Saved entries
━━━━━━━━━━━━━━━━
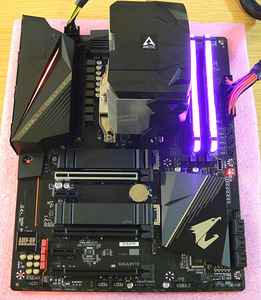 Gigabyte B550 Aorus Pro, Ryzen 7 5800X, DDR4 16GB, SSD 512GB (4 foto / 10)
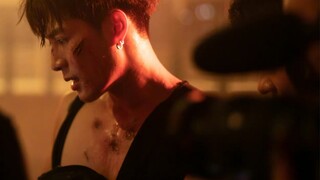 การสอนแจ็คสันเต้นรำบนแท่นยกสูงในยามดึกเป็นอย่างไรบ้าง?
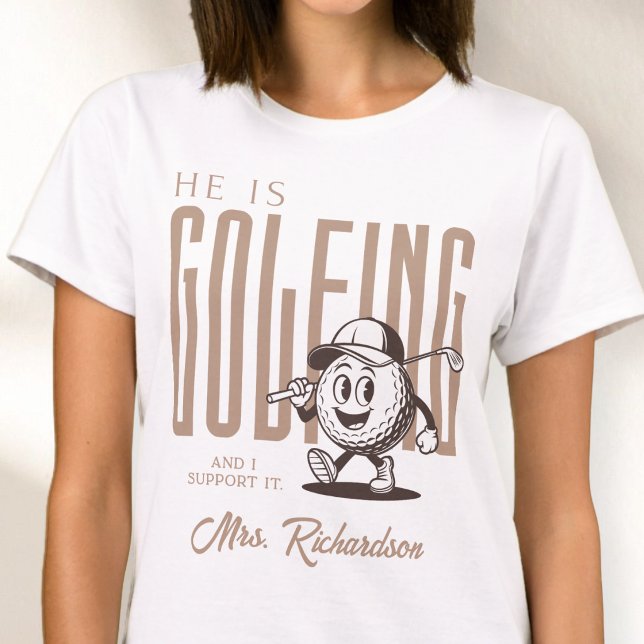 T-shirt Script personnalisé rétro Mme Brown Femme de golf  (Retro Personalized Script Mrs Brown Fun Golf Wife T-Shirt)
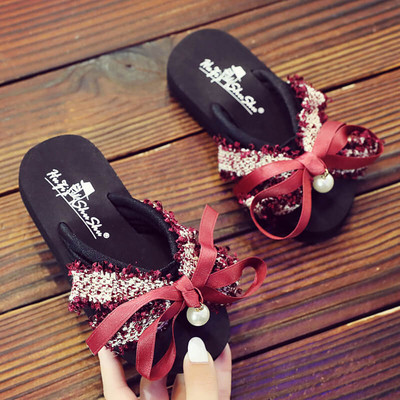 Gyerekpapucs szalaggal és gyöngyökkel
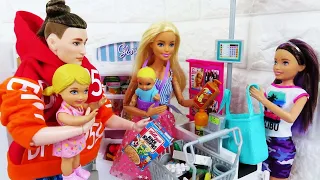 Going to the mart is Barbie's family - weekend dinner routine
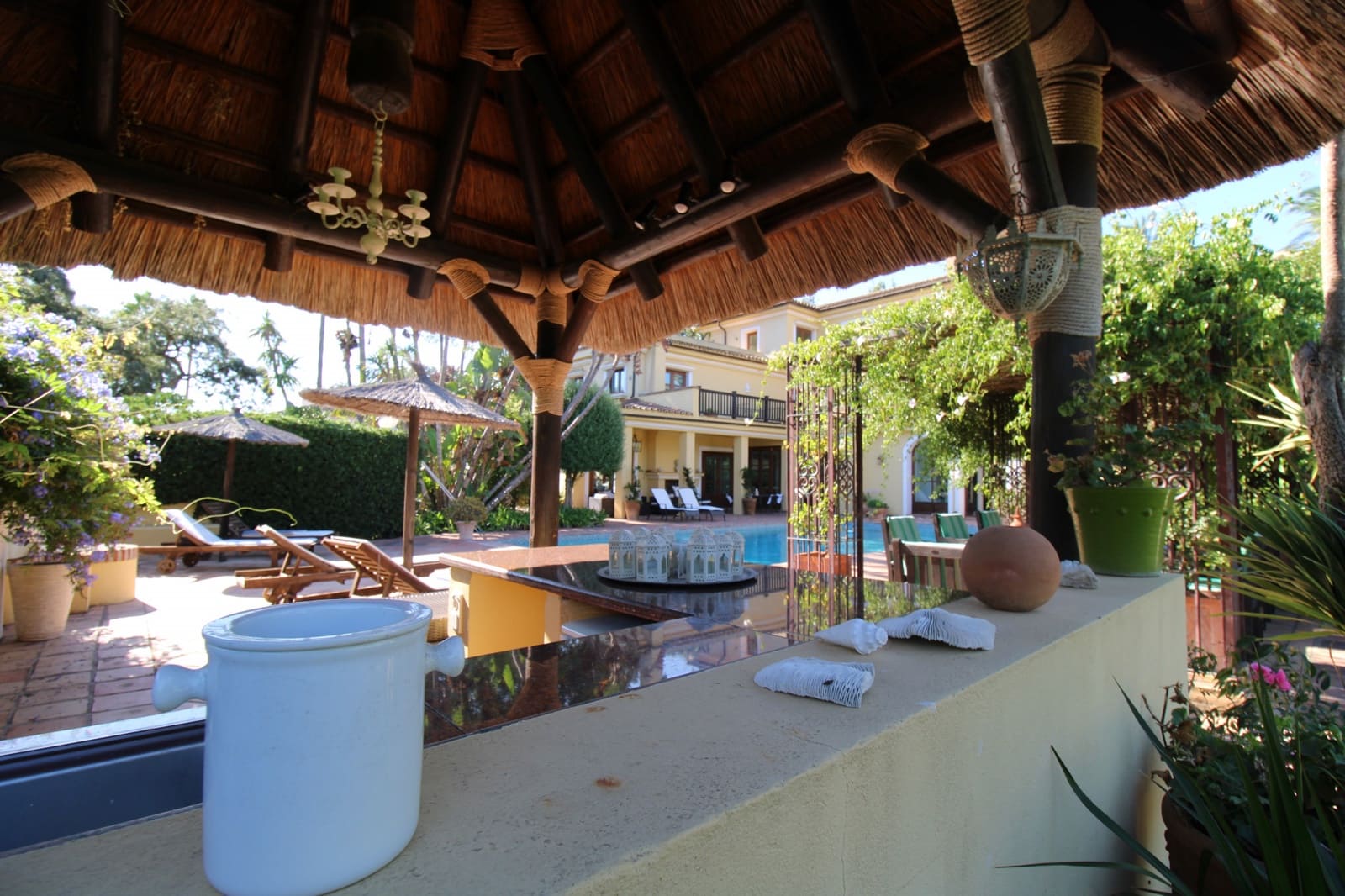 5 bedroom Villa for sale in Sotogrande with pool garage - € 2,250,000 (Ref: 9508430)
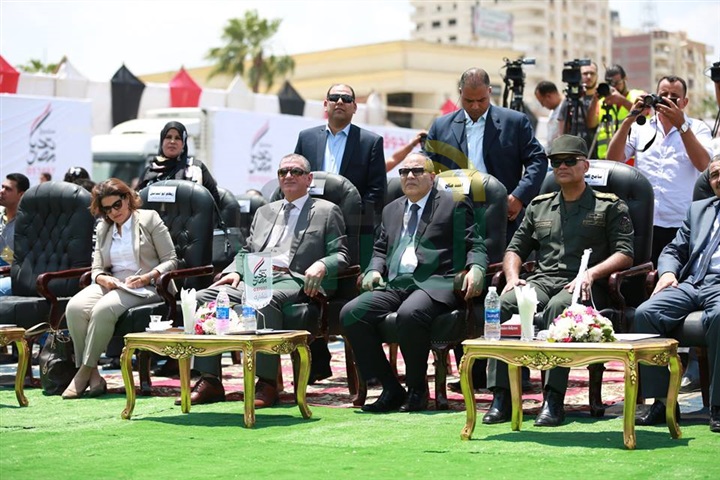 بالفيديو والصور.. محافظ كفر الشيخ يشهد تكريم المستفيدين من مشروعات " تحيا مصر" 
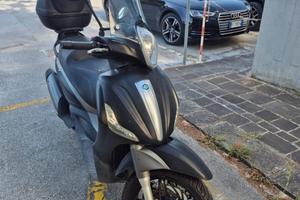 Scooter piaggio beverly 400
━━━━━━━━━━━━━━━━
Please reproduce the lines above from the one containing "5 bedroom Villa" through the final line, exactly and inclusively, leaving out each picture.

 5 bedroom Villa for sale in Sotogrande with pool garage - € 2,250,000 (Ref: 9508430)
 بالفيديو والصور.. محافظ كفر الشيخ يشهد تكريم المستفيدين من مشروعات " تحيا مصر" 
 Scooter piaggio beverly 400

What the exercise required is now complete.